··· Data
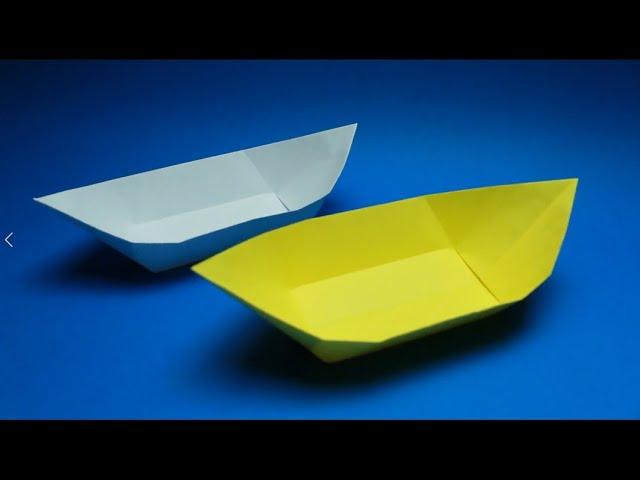 How to make a boat out of paper. Origami boat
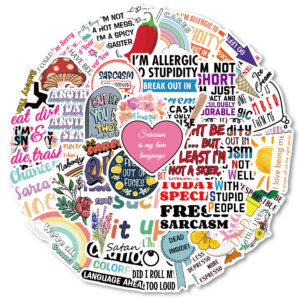 Wholesale 50 PCS/PACK creative harsh statement stickers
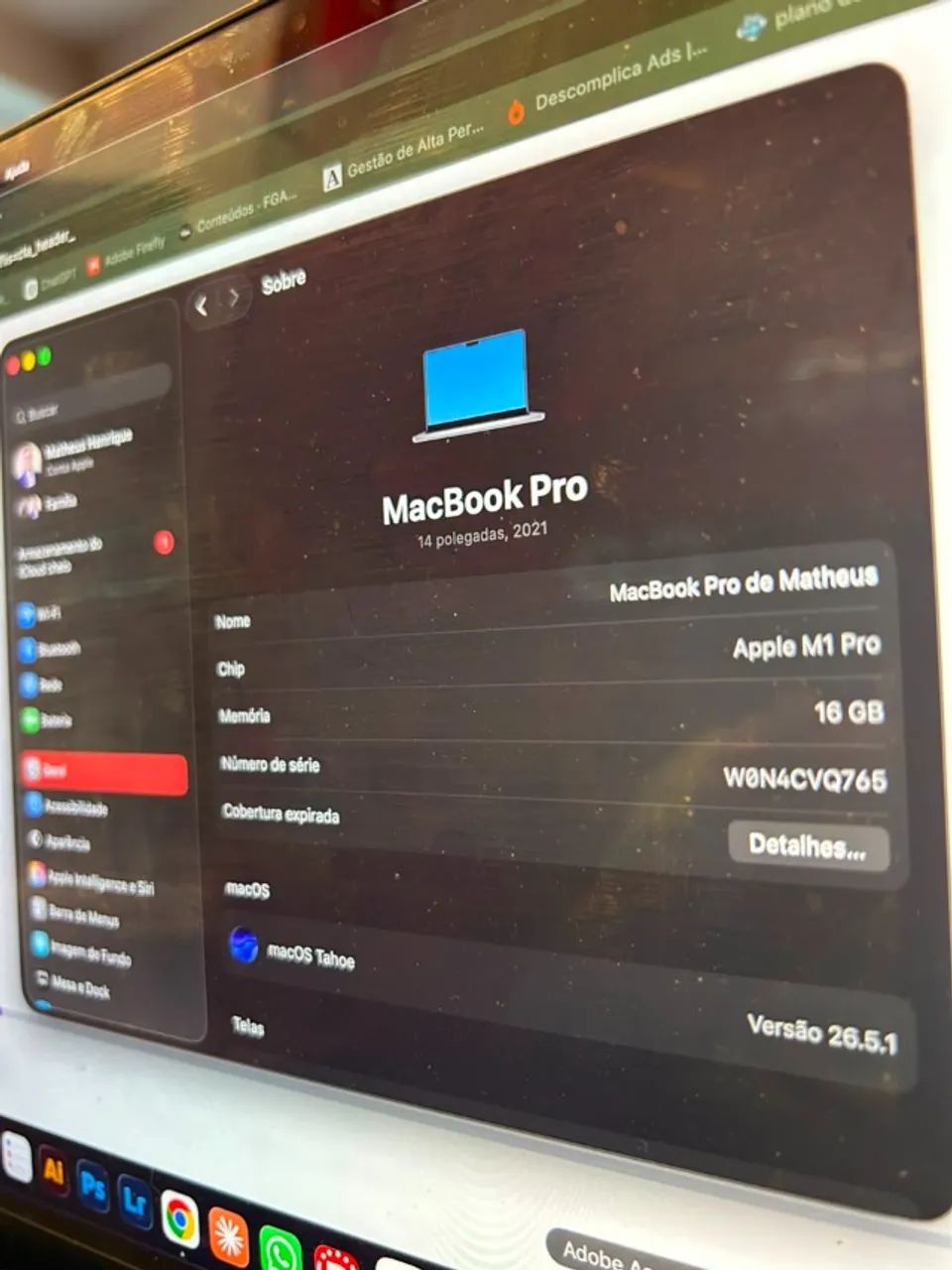 Macbook PRO 2021 M1 - 16gb ZERADO - Foto 2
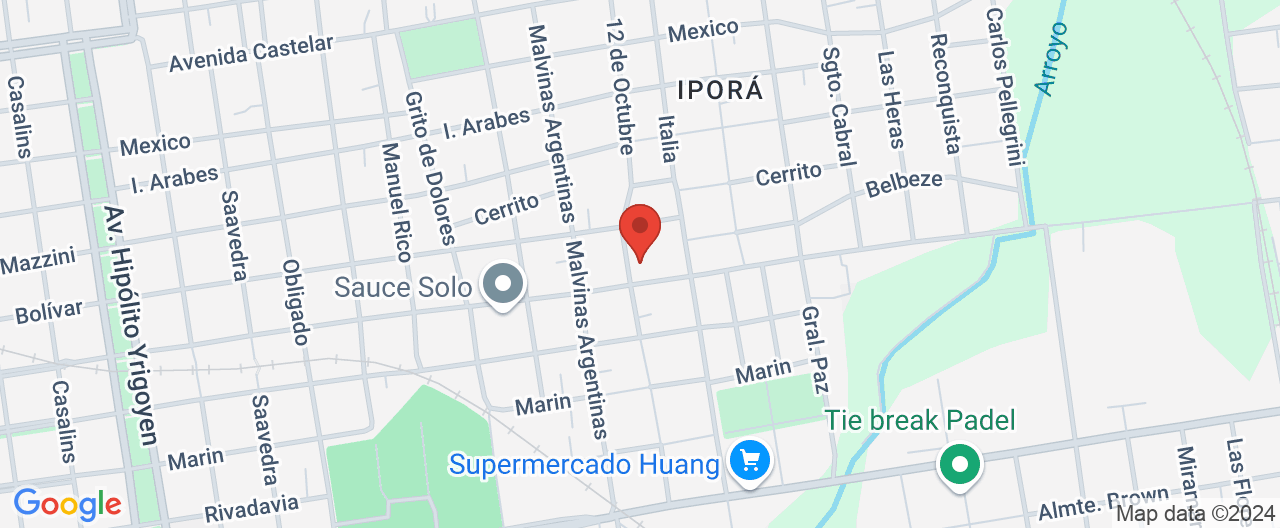 Mapa de la ubicación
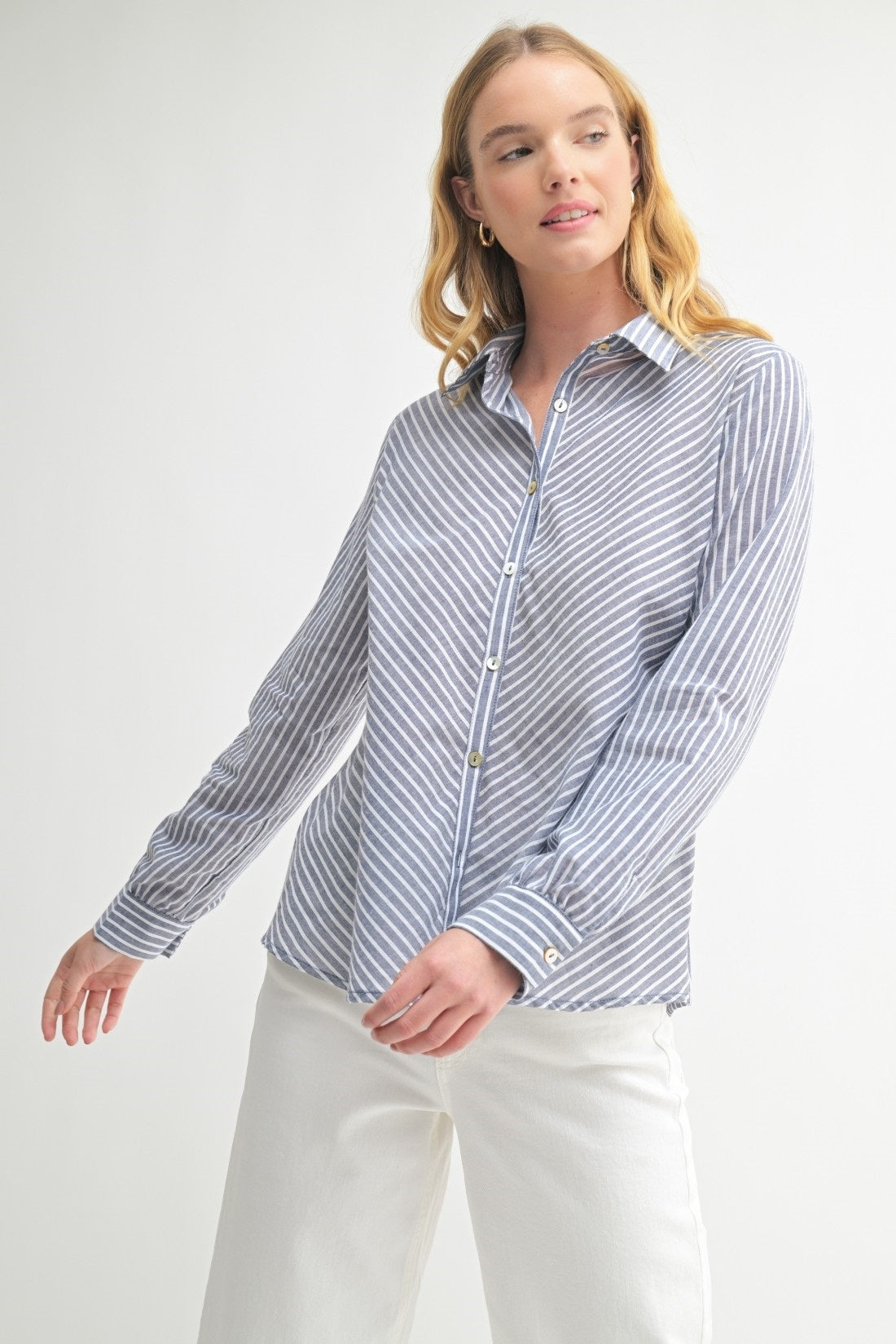 Fun2Fun Diagonal Stripe Shirt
······
- [Goal of the exercise]: Copy out, without any pictures, the lines of the records above from the one containing "Wholesale 50 PCS/PACK" through the final line, both ends included.

- [Completed task]:
 Wholesale 50 PCS/PACK creative harsh statement stickers
 Macbook PRO 2021 M1 - 16gb ZERADO - Foto 2
 Mapa de la ubicación
 Fun2Fun Diagonal Stripe Shirt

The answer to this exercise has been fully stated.